Eglinton LRT Public Meetings Announced (Update 4)

The City of Toronto has announced the open houses for the first round of consultation for the Eglinton line. 

Update 1:  A fifth meeting has been added to the list below.

Update 2:  The Star contains an article about preliminary response to the information to be presented at public meetings.  Concerns focus on the space between stops on the underground LRT as compared with the current surface bus operations.  The real question is what, if any, residual bus service will be operated over this portion of the route.

Update 3:  The FAQ for this project is now available online.

Update 4:  The presentation materials for this round of public meetings is now available online.
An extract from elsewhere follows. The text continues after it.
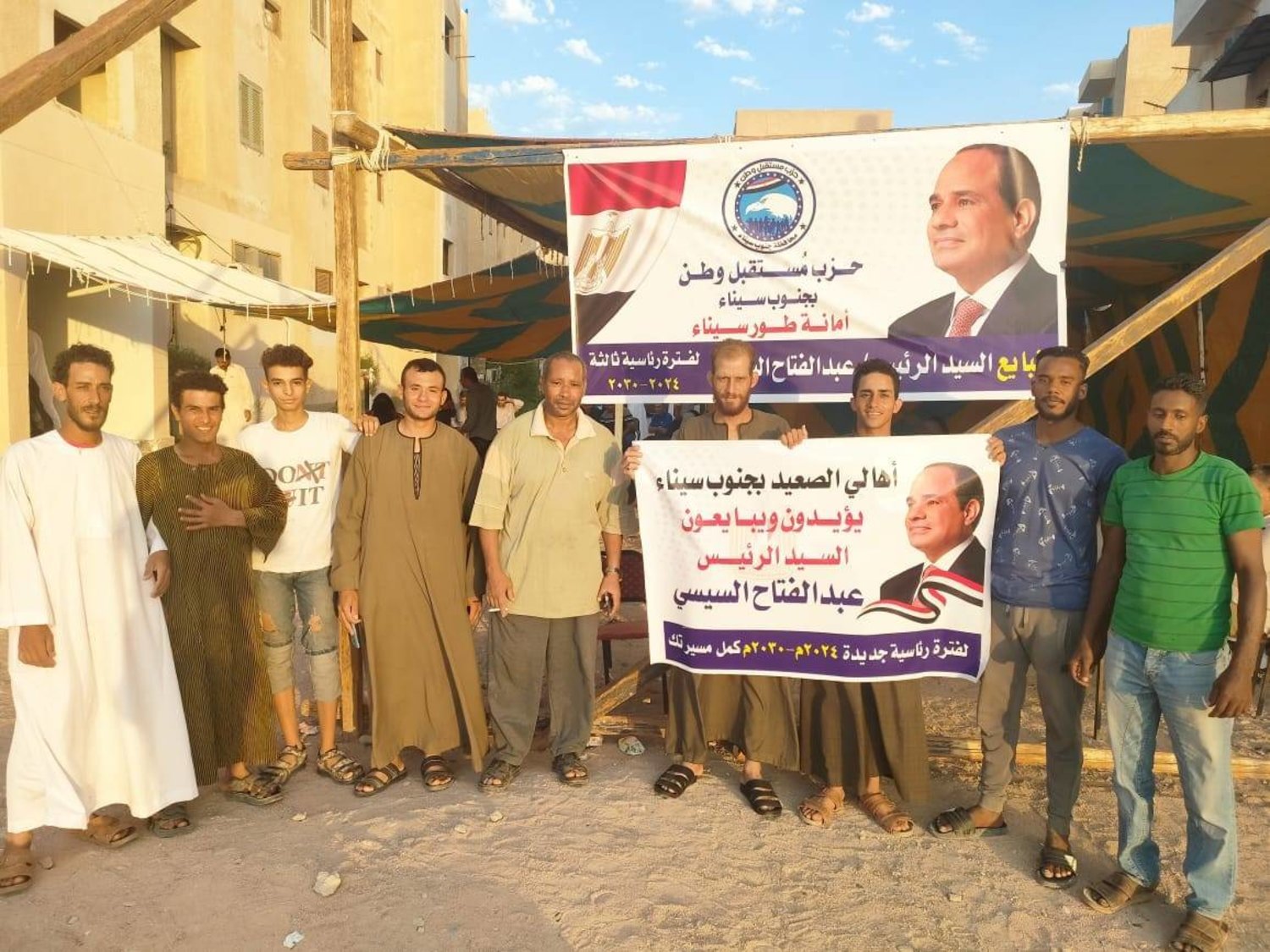 مواطنون يوثقون توكيلات لتأييد ترشح الرئيس الحالي عبد الفتاح السيسي (حزب مستقبل وطن)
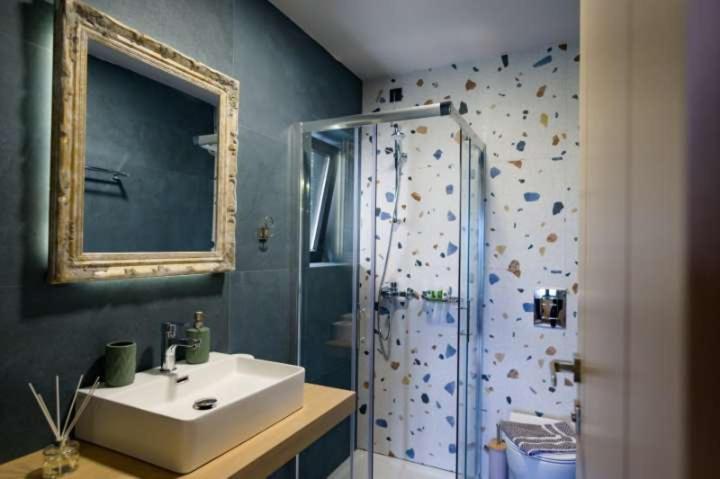 The Five Keys Guest house Monodendri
The Open Houses are planned as follows:

Thursday, August 14
6:30pm to 9:00pm
Forest Hill Memorial Arena, 340 Chaplin Cres.

Tuesday, August 19
6:30pm to 9:00pm
Leaside Arena, 1073 Millwood Rd.

Monday, August 25
6:30pm to 9:00pm
Humber Valley United Church, 76 Anglesey Blvd.

Wednesday, August 27
6:30pm to 9:00pm
Don Montgomery Community Recreation Centre
(Formerly the Mid Scarborough Community Centre)
2467 Eglinton Ave  East

(Added) Richview Baptist Church
1548 Kipling Ave (just north of Eglinton)

The project website is now online.

Note:  If you want to contribute to the thread about technology choices for the line, please do that in the post where that discussion is already underway.

50 thoughts on “Eglinton LRT Public Meetings Announced (Update 4)

  1. Eglinton is too far south to serve as the regional express line. It needs to be further north, near the 401.

    A 3-track LRT system on Eglinton, with inbound AM express and outbound PM express might be worth looking at. That would eliminate the need to build everything to subway specs.

    Steve: But, sigh, those whose mission in life is to get to the airport in the morning would be forced to ride a local train, at least outbound from Yonge. Poor darlings.


  2. I only wrote about the track connections because you said they were impossible. That simply is not true. These technical aspects interest me and a number of your other readers greatly, as evidenced by the number of posts as such. It is all part and parcel of “The debate about the demand for and the mode of an Eglinton line, as well as how it will affect the various neighbourhoods.” Don’t forget how pissed off the locals were about the redevelopment proposals for the Eglinton Bus Terminal lands.

    Post this or not, but I didn’t feel what I had to say prior was doing any harm. If this is going to be characterized as a ill-focused debate (and terminated as such) then the facts should at least be accurate.

    I won’t comment any further on this topic.


  3. It looks as though the lrt will operate in the median through the richview lands. Will those lands be sold off for developments to avenuize that stretch of Eglinton?

    Steve: That’s a city decision separate from the transit project, and would fit into an “Avenue” study when they get around to it.

    Station spacing in the tunneled stretch seems very reasonable. (15 potential underground stations between Jane and Leslie) Display boards showed most of the tunneled stretch being bored which I would say is a really good thing for residents and businesses of the areas construction will pass through.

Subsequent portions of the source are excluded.